**INPUT DATA**:
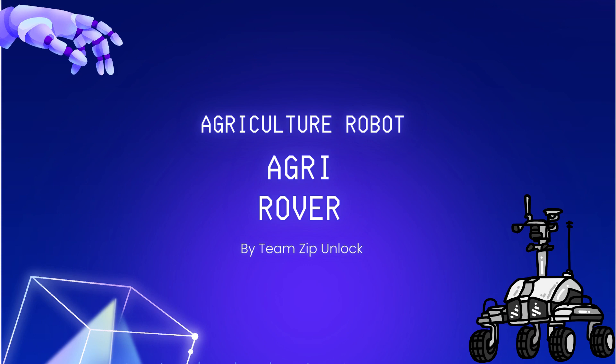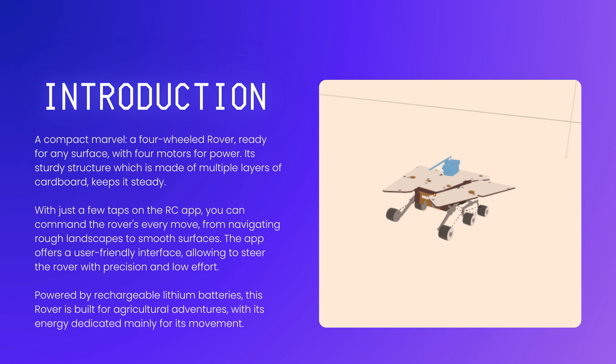Today marks a remarkable moment as we unveil our newest creation, the Agri-Rover. In the realm of modern agriculture and industry, we face a multitude of challenges that hinder efficiency and productivity. Absolutely, from vast agricultural fields to sprawling industrial complexes, the management and monitoring of such spaces can be daunting tasks.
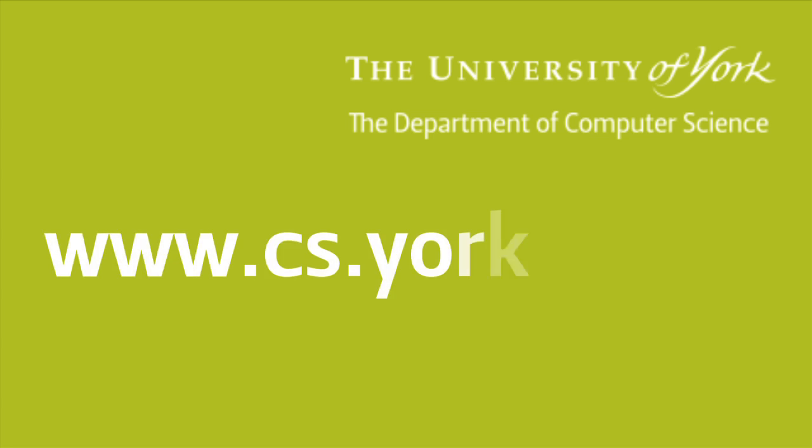After you come here, study hard. To find out more about the department and the programmes we offer, visit our website at www.cs.york.ac.uk.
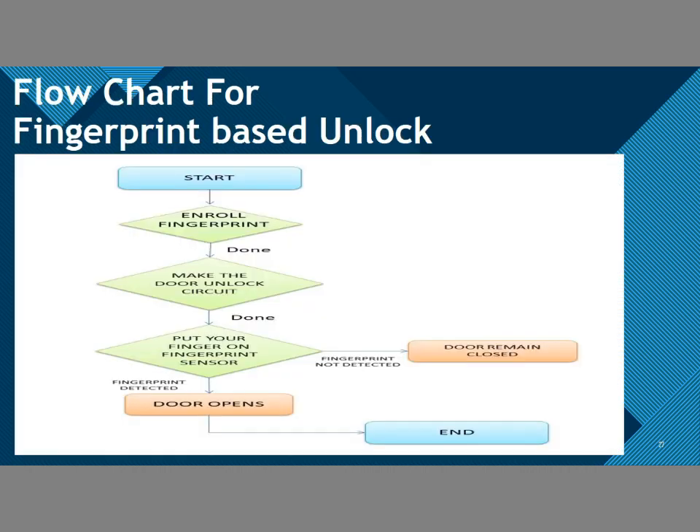This is the flowchart of the fingerprint-based unlock system. First, we enroll our fingerprint and make the door unlock circuit. Then we put our fingerprint on the sensor. If the fingerprint is authorized, the door opens. If the fingerprint is not authorized, the door remains closed.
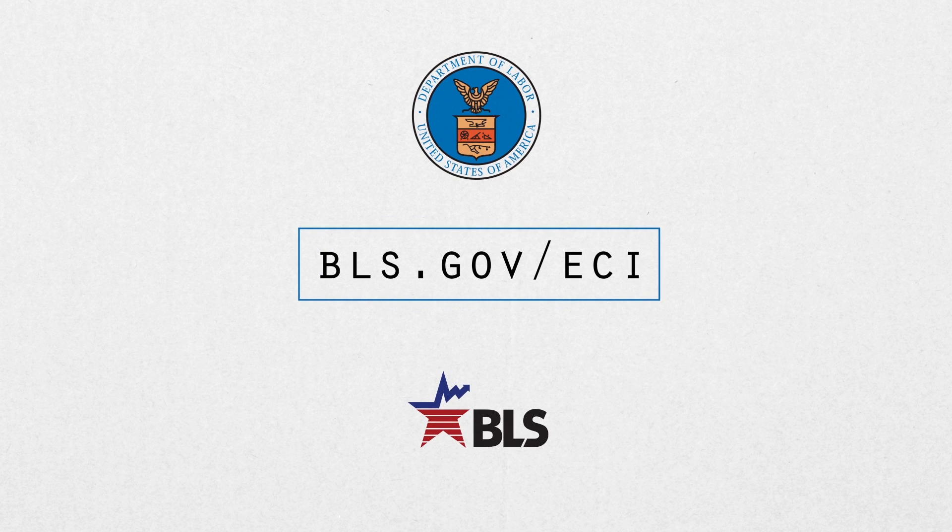To find out how the ECI can help you, visit us at BLS.gov/ECI.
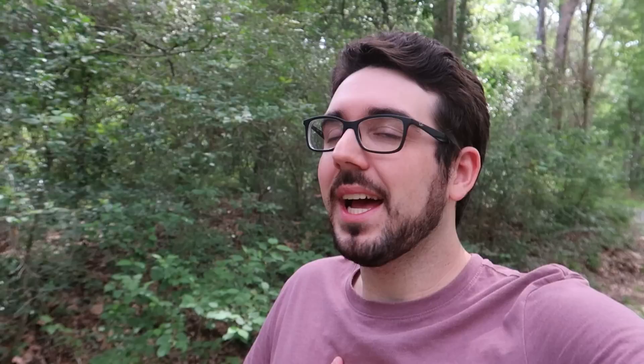Over the next few videos, we'll be visiting many of those historical sites, learning quite a bit about the state's history and NASCAR's history. It's going to be a fantastic time. You can find out more about the Moonshine and Motorsports Trail if you click the link down in the description below.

**TASK ITEM**:
Return the entries above exactly and in full; do not include images.

**ANSWER TO THE PROBLEM**:
Today marks a remarkable moment as we unveil our newest creation, the Agri-Rover. In the realm of modern agriculture and industry, we face a multitude of challenges that hinder efficiency and productivity. Absolutely, from vast agricultural fields to sprawling industrial complexes, the management and monitoring of such spaces can be daunting tasks.
After you come here, study hard. To find out more about the department and the programmes we offer, visit our website at www.cs.york.ac.uk.
This is the flowchart of the fingerprint-based unlock system. First, we enroll our fingerprint and make the door unlock circuit. Then we put our fingerprint on the sensor. If the fingerprint is authorized, the door opens. If the fingerprint is not authorized, the door remains closed.
To find out how the ECI can help you, visit us at BLS.gov/ECI.
Over the next few videos, we'll be visiting many of those historical sites, learning quite a bit about the state's history and NASCAR's history. It's going to be a fantastic time. You can find out more about the Moonshine and Motorsports Trail if you click the link down in the description below.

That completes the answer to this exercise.